Turk told Al-Monitor, “The extremists and takfiri religious speeches made by the Muslim Brotherhood and other similar movements may have pushed the youth to be repulsed by religion.”

Bassit said, “The politicians and most of the January 25 Revolution figures pushed the youth to atheism. After they were depicted as the noblest men in Egypt, some of them turned out to be takfirists exactly like the Brotherhood, and some turned out to be spies who work for other countries.”

Sati said that she does not directly connect the spread of atheism with the January 25 Revolution. Yet, she linked it to the use of social media networks and the Internet after the revolution, which allowed the youth to connect with new cultures they were not yet ready to deal with. “This is in addition to the fact that the January 25 Revolution broke the fear barrier for youth, which led atheists to publicly announce themselves on television and social media networks,” she said.

“The campaign has two goals,” Sati told Al-Monitor, “The first is to spread awareness concerning the dangers of atheism and how it creates a threat to society, as well as the controversial issues that might push the youth to atheism. The second is to treat this phenomenon by having a dialogue with atheists and giving them a chance to reconsider their decisions and go back to their religion.”

She did not present any numbers that would allow the measurement of the success or the failure of this campaign, such as the number of individuals that the campaign was expected to reach or the number of atheists that were expected to return to their religion after the campaign.

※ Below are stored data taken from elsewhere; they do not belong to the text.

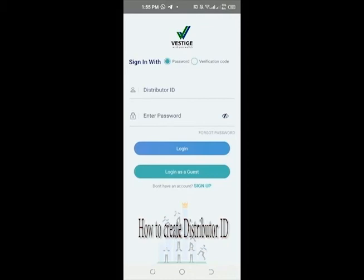I'm going to take you through how to register a prospect to become a distributor of Vestige. Initially, you need to download the Vestige app from the Play Store. After downloading, you need to open or launch the app. This is the interface of the Vestige shopping app.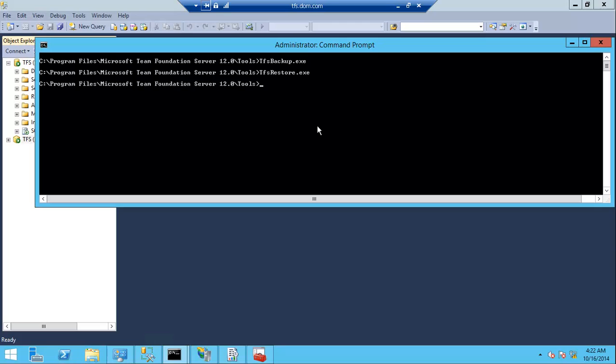Now we want to remap TFS for the new data tier, so open the command line in elevated mode and run TFS config remap.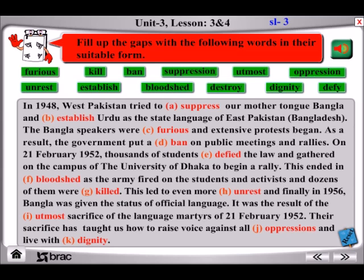As a result, the government put a ban on public meetings and rallies. On 21st February 1952, thousands of students defied the law and gathered on the campus of the University of Dhaka to begin a rally. This ended in bloodshed as the army fired on the students and activists and dozens of them were killed. This led to even more unrest, and finally in 1956, Bangla was given the status of official language. It was the result of the utmost sacrifice of the language martyrs of 21st February 1952. Their sacrifice has taught us how to raise our voice against all oppressions and live with dignity.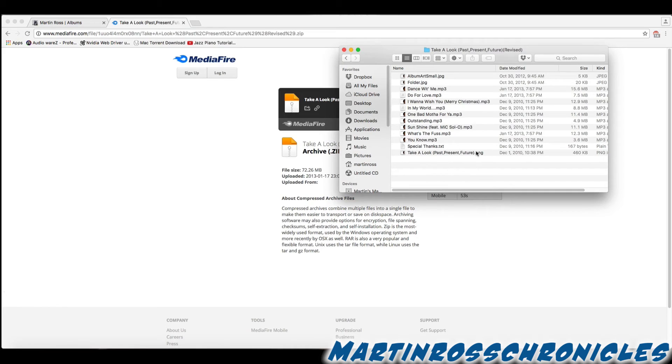This is my free EP album called Take a Look Past, Present, and Future. Thank you for watching.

“We have agreed on the headlines of the campaign,” Turk told Al-Monitor. “We reached the phase of preparing the plan based on several measures, including dialogues instead of seminars that are more of initiations.”

He said, “We will count on youth, who we will train to have a dialogue with the atheist youth, since the influence youth can have on each other is stronger. Clergy, psychologists and social experts will train the youth and try to find answers to questions raised by youth which might push them to atheism. The youth of the campaign will be trained to answer these questions in order to have dialogues with the atheist youth which would lead them back to their religion.”

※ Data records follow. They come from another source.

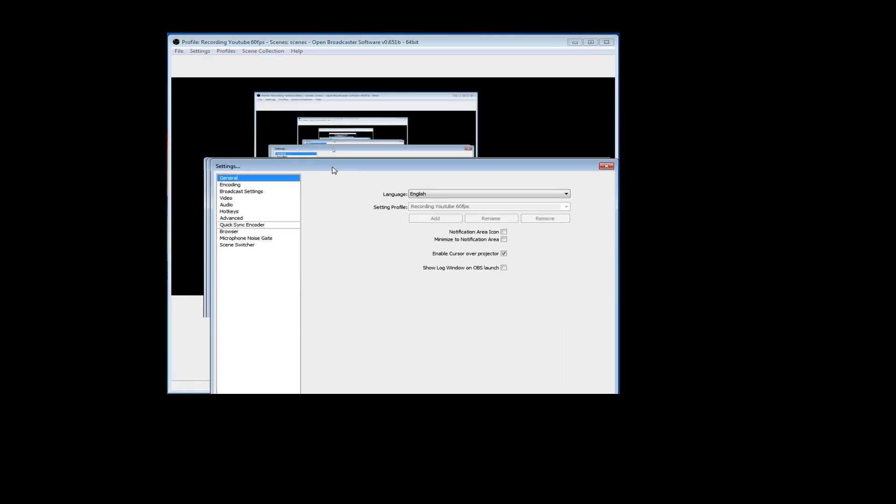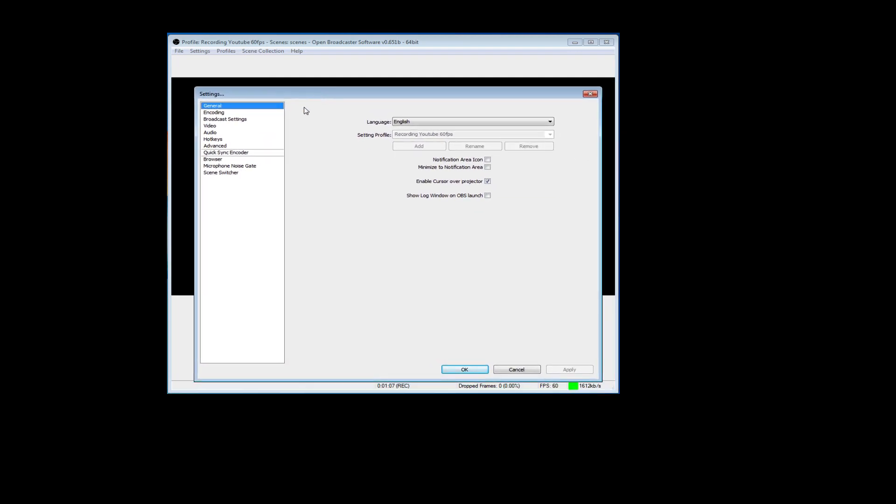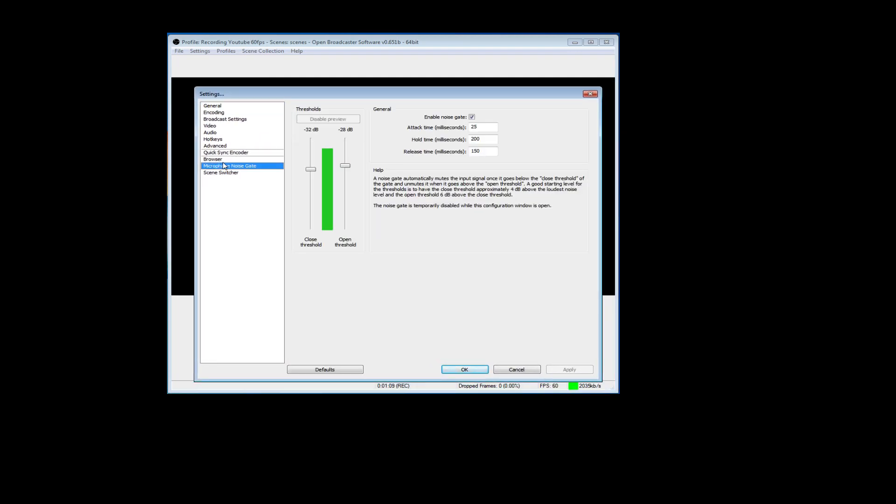So to do this, you want to go up to settings, then go down to microphone noise gate. Hopefully you guys can see this. When you get in here, leave all this: 25 attack time, 200 hold time, 150 release time. Make sure you enable the noise gate, make sure that's checked.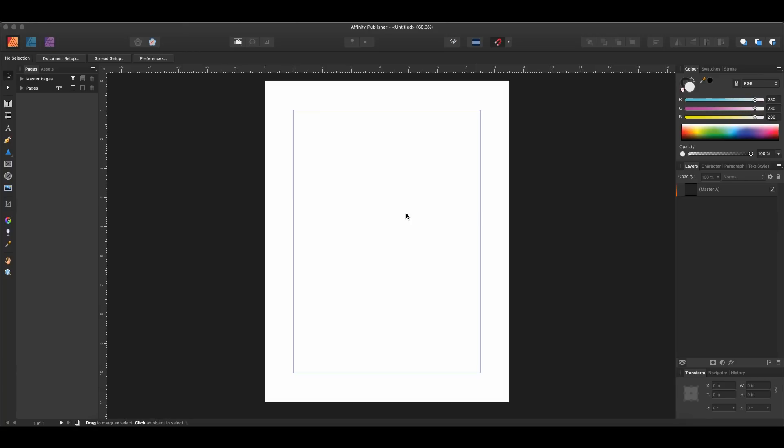Affinity just released Affinity Publisher. We've been talking about the beta for a while here on the channel. They finally have released the full version, which you can purchase from them or from the Mac App Store, and you can do it for Mac or Windows.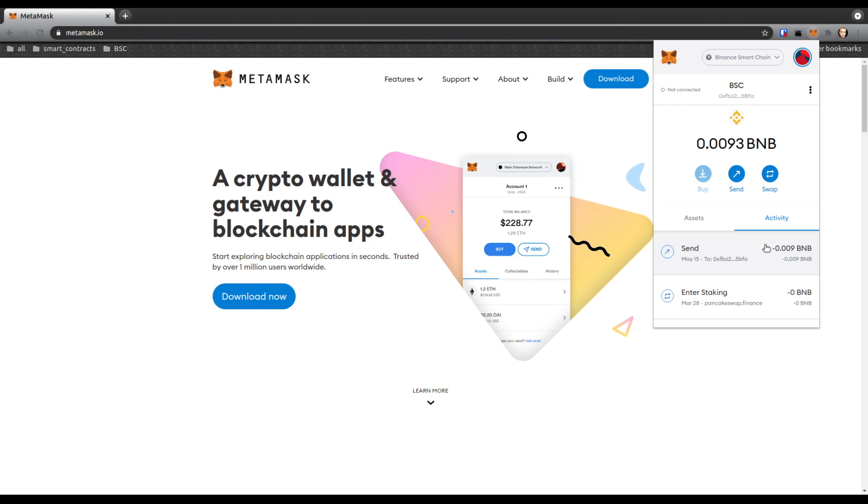If that doesn't work, you can try incrementing the nonce to the next available one yourself with the custom nonce. I'm going to show you how you can activate that. That may work, I haven't tried it yet.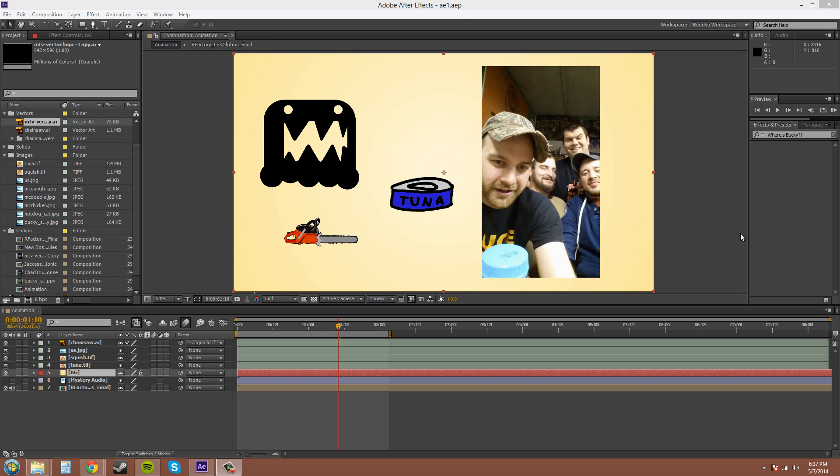Hey guys, welcome to another Adobe After Effects CS6 tutorial. My name is Buddy Blackford, and we're going to be going over duplicating layers, how to rename layers, and how to replace layers — like exchange them out.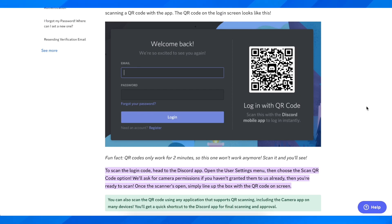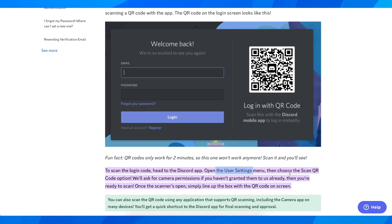What you're going to have to do is open Discord on your phone, then go to user settings menu and choose the Discord QR code option. They're going to ask you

Sati told Al-Monitor, “The campaign will use technology, the Internet and social media networks to reach atheists and answer all the questions which pushed them to atheism. We are also going to create a website for the “Think Again” campaign, which aims at spreading awareness concerning phenomena such as addiction, takfiri thinking, extremism and atheism.”

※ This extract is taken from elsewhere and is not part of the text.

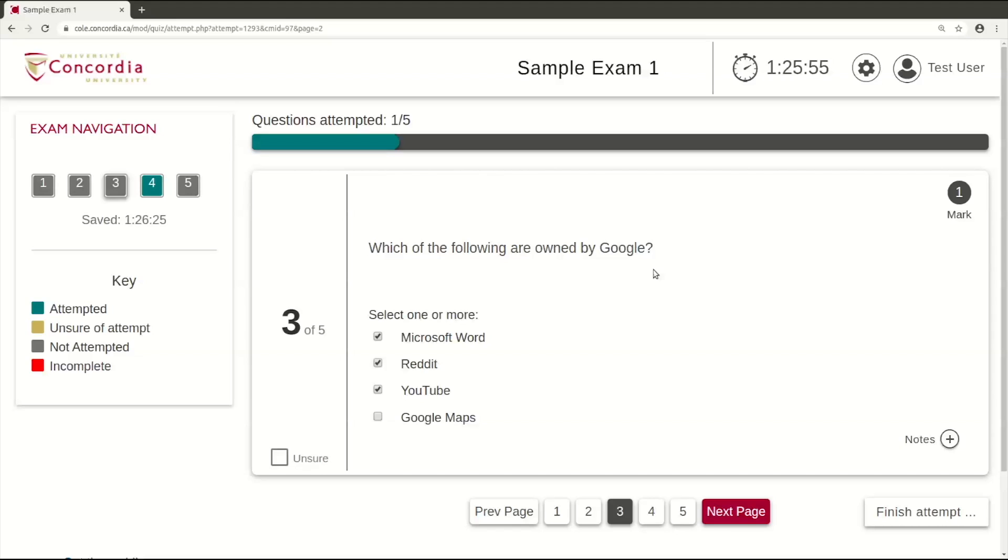Unless specified at the start of the exam, you can navigate through the questions freely and come back to any difficult questions later in the exam.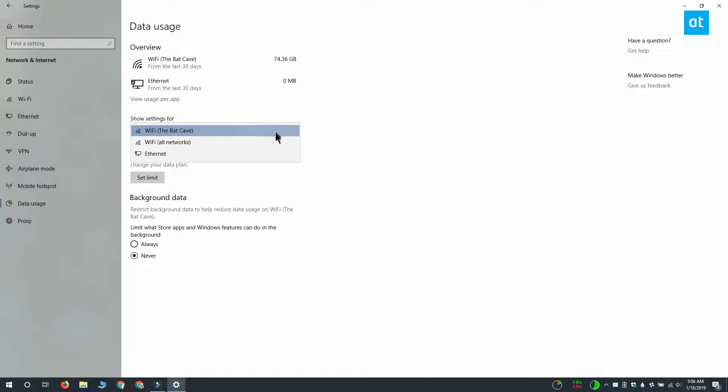You'll notice that this drop-down also has an option called Wi-Fi all networks. If you select this option, the data limit that you set is applied to all networks that you connect to.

“The time frame of the campaign is not specified; it could go for a year,” Sati said. “To measure its success or failure, the campaign is going to base its information on the website, Facebook page and all the positive or negative outcomes it could have.”

Egypt’s attempts to control atheism are only normal in light of the current constitution, which states that Islam is the country’s religion.

However, the country’s campaign against atheism failed before even beginning. It was undertaken based on inaccurate evidence, such as atheists' appearances on a TV talk show and on Facebook pages, which are not necessarily a sign of the spread of atheism in Egypt.

It's noteworthy to mention that during Al-Monitor’s interview with Bassit, he said, “The information concerning atheists in Egypt in minimal.”

When asked why, he answered, “The main reason behind this is their fear of being oppressed by the government and society. This stops some individuals from announcing their atheism, despite the presence of larger and more courageous groups, which are the minority.”

The majority of atheists, as well as some Baha'is and Shiites, choose to stay silent and not give their opinion concerning religious matters, which makes them one of the most ambiguous groups for the government. This is what hinders the state ministries' control over their spread.